Researchers from the University of Colorado Boulder and the National Institute of Standards and Technology (NIST) have demonstrated a new method of detecting if smartphones have been tampered with, the entities announced today.
According to the report, the approach would not be limited to 4G or 5G phones because it focuses on the fundamental electromagnetic behavior of the hardware.
The context is that smartphones are extremely important to secure, but it is difficult to do so without damaging them. The method for identifying tampered smartphones that the two organizations developed relies upon creating a remote fingerprint of the electromagnetic properties of signals sent by different model devices. Specialized SIM cards and cellular radio standards-compliant base station emulator equipment are used to do this.
These signals can be compared to what is being generated by the same model phone in commercial use. Smartphones in use that don’t match the profile may have been tampered with.

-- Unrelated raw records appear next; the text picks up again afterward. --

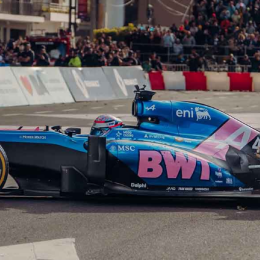 F1: Briatore se rindió ante el fenómeno Colapinto: "Medio millón de personas fueron a verlo en Buenos Aires"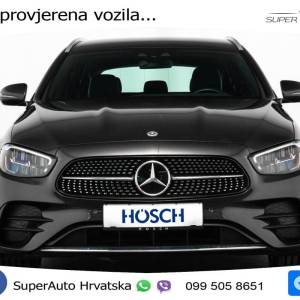 Mercedes E 300de T 4M Aut. AMG Line 306 KS, LED+ACC+GR SJED+KAM+VIRT+PDC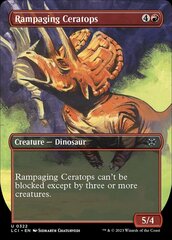 Rampaging Ceratops - Foil - Borderless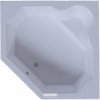 [580787] Ванна акриловая Aquatek Сириус, 164 x 164 см, с гидромассажем, белая, SIR164-0000006 +60315 ₽
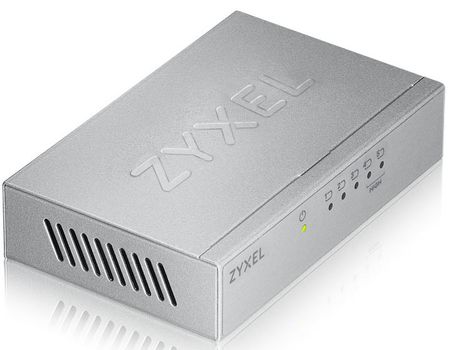 ZYXEL ES-105A V3 5-Port Desktop Fast Ethernet Switch (ES-105AV3-EU0101F)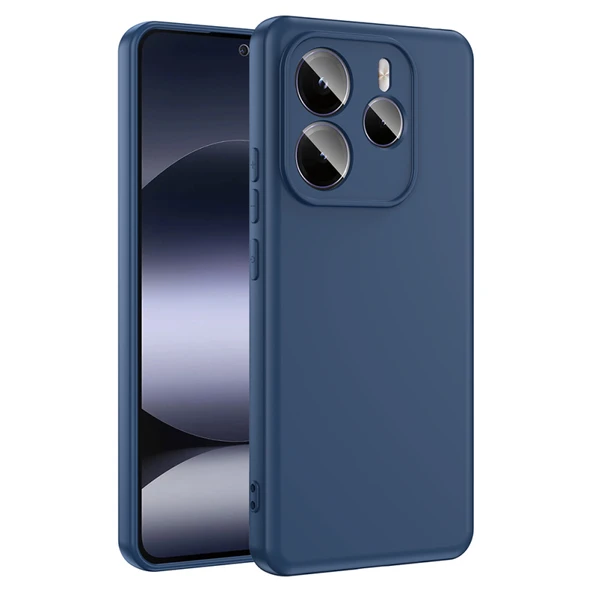 Moby Shop Redmi Note 14 5G  Kılıf Kılıf İçi Kadifeli Esnek Kadifon Lansman Premium Silikon Kılıf ürün görseli 1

The two groups tested the process on current-generation commercially available smartphones with 95% accuracy. The results were stable and repeatable over time.
The work of the university and NIST is not over, however. The story says that the stage is set for the National Metrological Institute’s testing framework. The researchers will need to expand their library of trusted sources that account for potential small variations between manufacturing batches, develop standardized test conditions, and develop a more automated process, according to the report.
“This work demonstrates a foundational approach to obtaining a high-definition, reliable, and stable fingerprint of a commercially available smartphone device to verify that it has not been tampered with or compromised prior to deployment,” author Améya Ramadurgaka said in the story.
“I see this being utilized to validate mobile hardware before it is issued to high-security users, such as the military chain of command or senior government leadership.”